▶ HOW TO COMPLETE THIS TASK
Here is the task for the listing below: output exactly the lines from the one containing "Curvy Gals Faja" through the one containing "de Navidad Miriam", and leave out the pictures.

▶ SOURCE DATA
-----
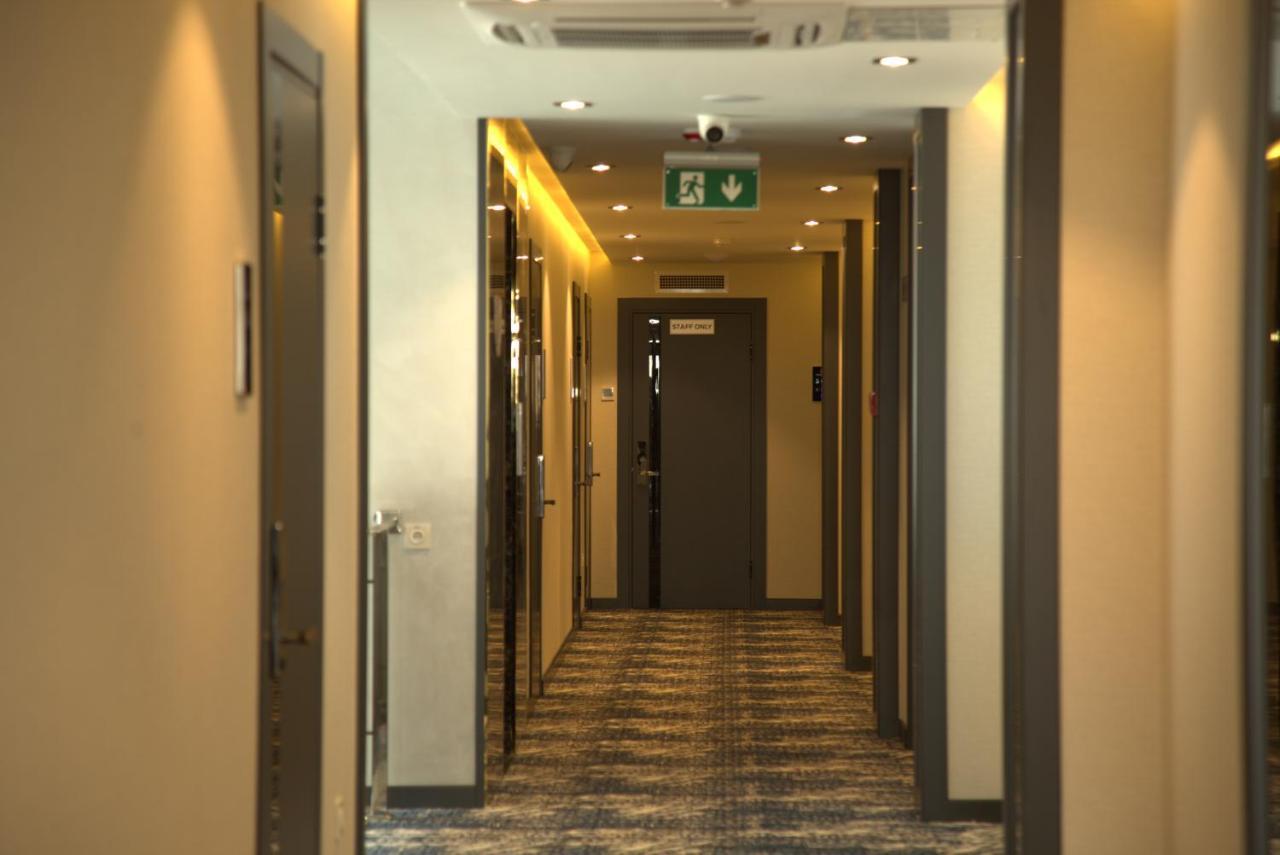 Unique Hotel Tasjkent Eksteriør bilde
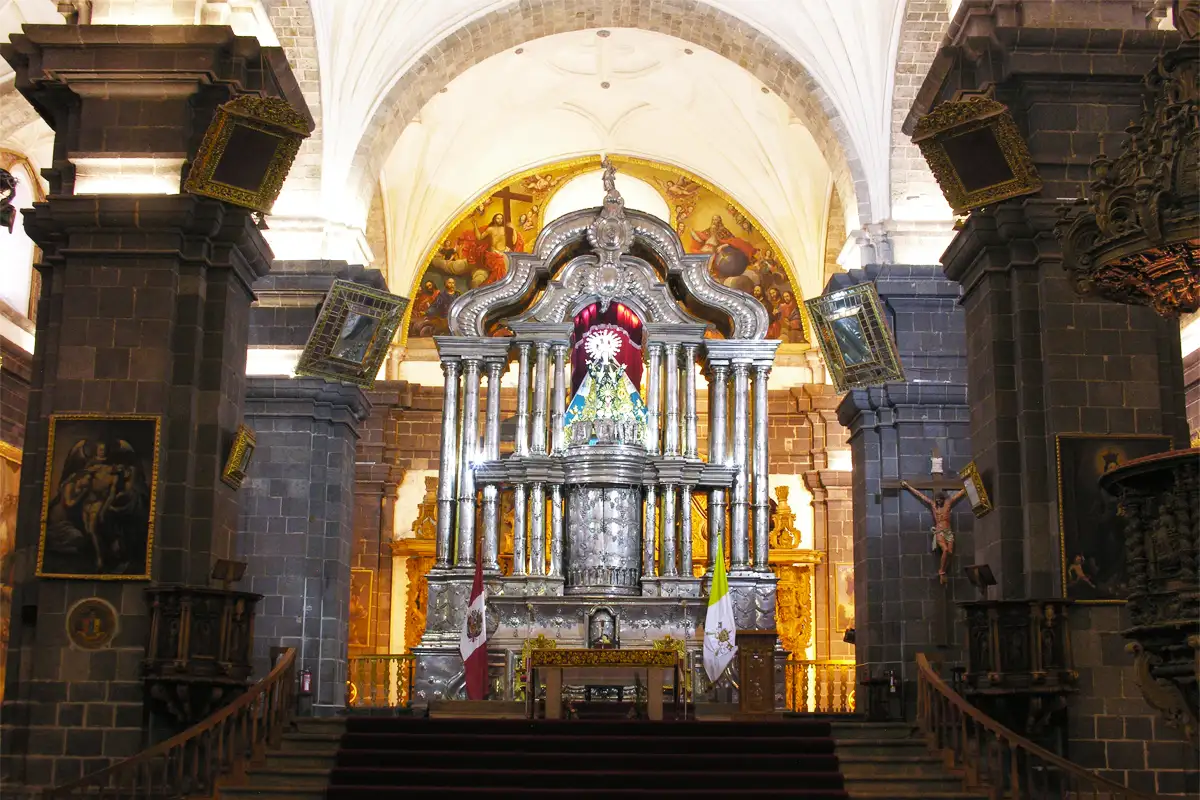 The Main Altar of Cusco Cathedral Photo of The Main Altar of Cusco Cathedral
-----
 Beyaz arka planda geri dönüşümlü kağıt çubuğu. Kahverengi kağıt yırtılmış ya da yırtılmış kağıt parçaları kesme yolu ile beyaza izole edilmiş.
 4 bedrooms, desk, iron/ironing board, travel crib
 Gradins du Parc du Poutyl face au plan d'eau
-----
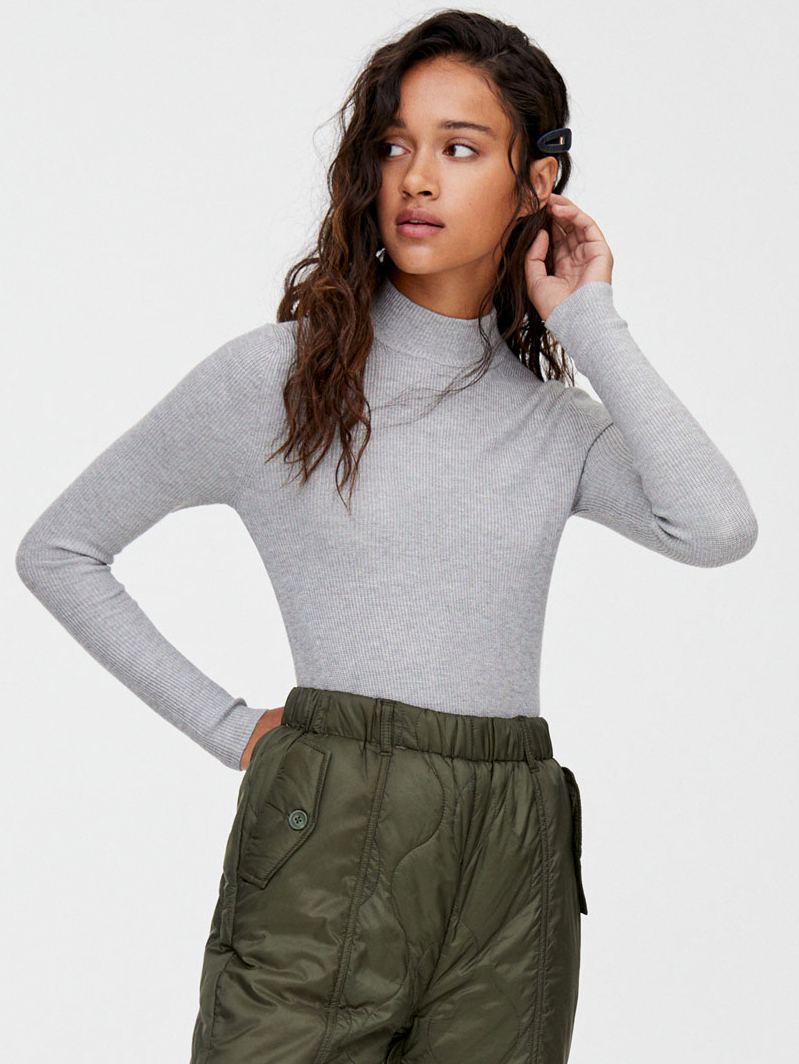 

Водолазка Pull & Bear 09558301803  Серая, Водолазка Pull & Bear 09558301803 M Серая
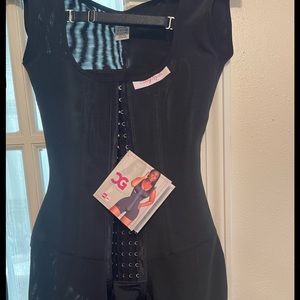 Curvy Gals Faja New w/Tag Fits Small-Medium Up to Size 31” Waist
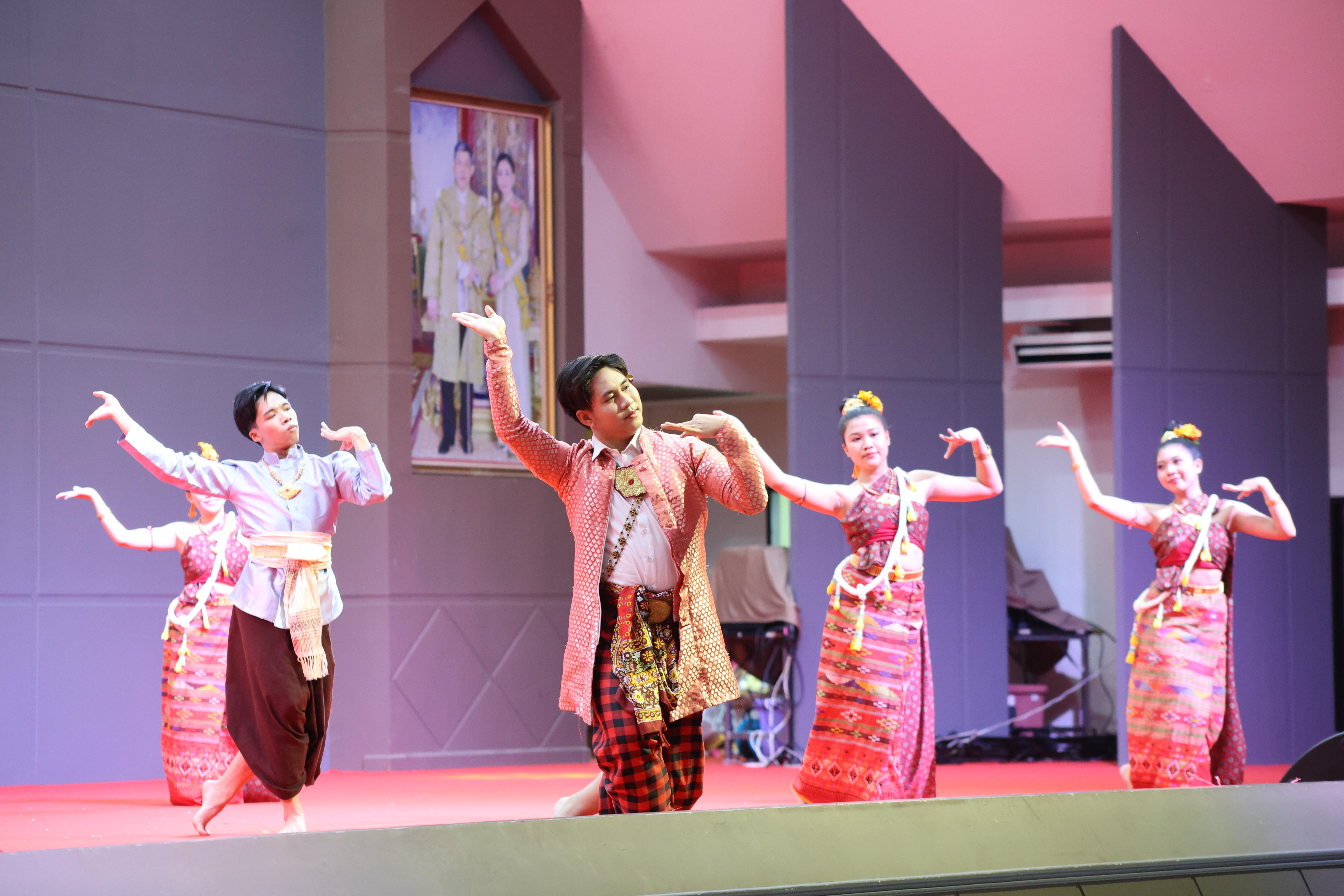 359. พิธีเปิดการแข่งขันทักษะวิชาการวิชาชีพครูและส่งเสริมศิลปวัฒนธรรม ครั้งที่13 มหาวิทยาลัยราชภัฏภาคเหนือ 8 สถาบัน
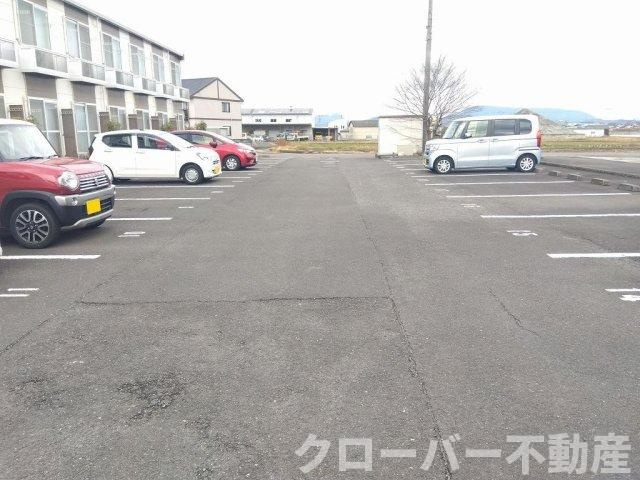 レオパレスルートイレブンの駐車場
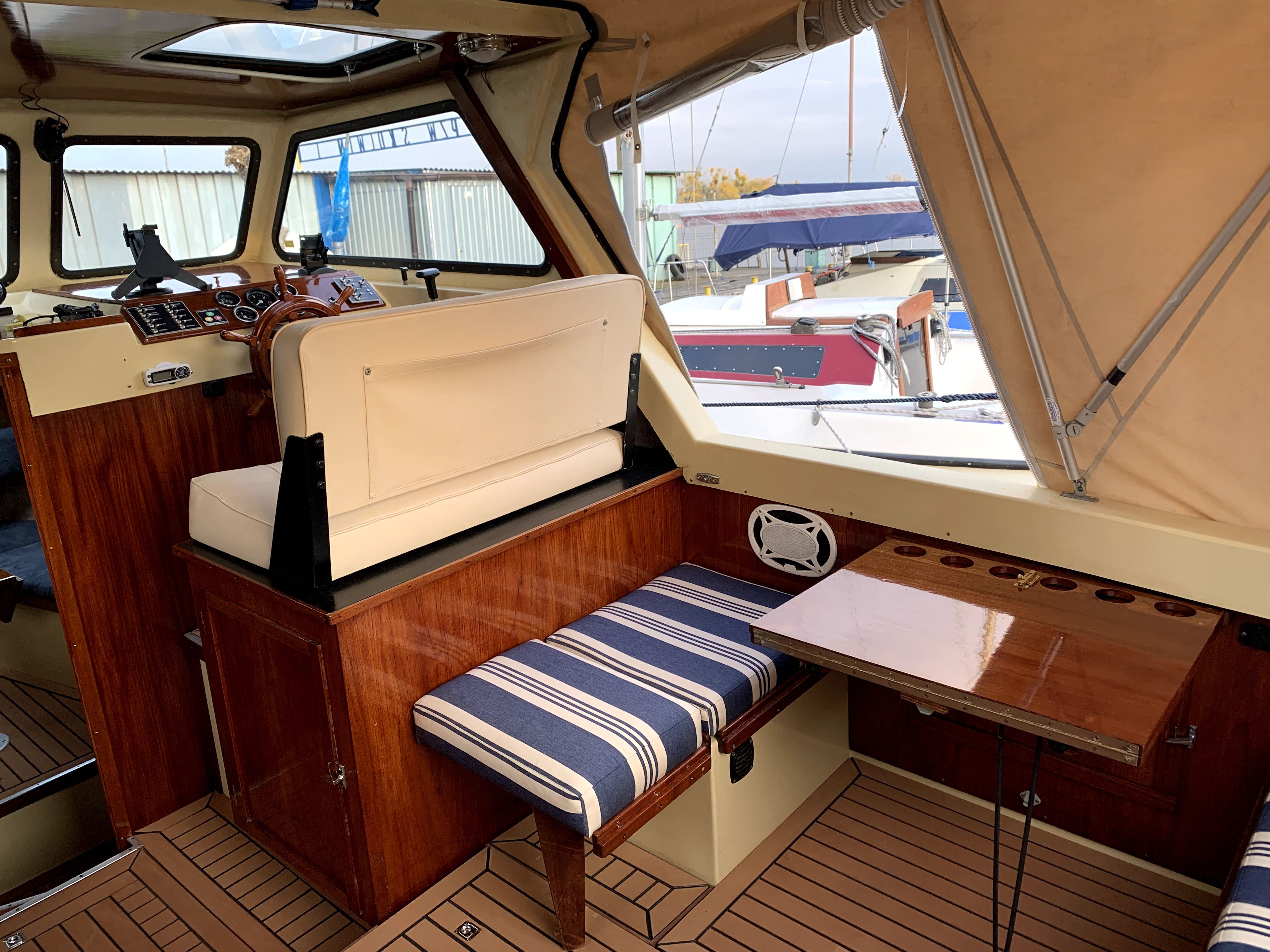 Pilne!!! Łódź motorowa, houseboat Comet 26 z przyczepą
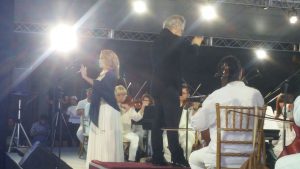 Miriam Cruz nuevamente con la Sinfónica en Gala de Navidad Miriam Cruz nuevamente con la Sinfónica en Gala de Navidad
-----
▶ EXERCISE SOLUTION
 Curvy Gals Faja New w/Tag Fits Small-Medium Up to Size 31” Waist
 359. พิธีเปิดการแข่งขันทักษะวิชาการวิชาชีพครูและส่งเสริมศิลปวัฒนธรรม ครั้งที่13 มหาวิทยาลัยราชภัฏภาคเหนือ 8 สถาบัน
 レオパレスルートイレブンの駐車場
 Pilne!!! Łódź motorowa, houseboat Comet 26 z przyczepą
 Miriam Cruz nuevamente con la Sinfónica en Gala de Navidad Miriam Cruz nuevamente con la Sinfónica en Gala de Navidad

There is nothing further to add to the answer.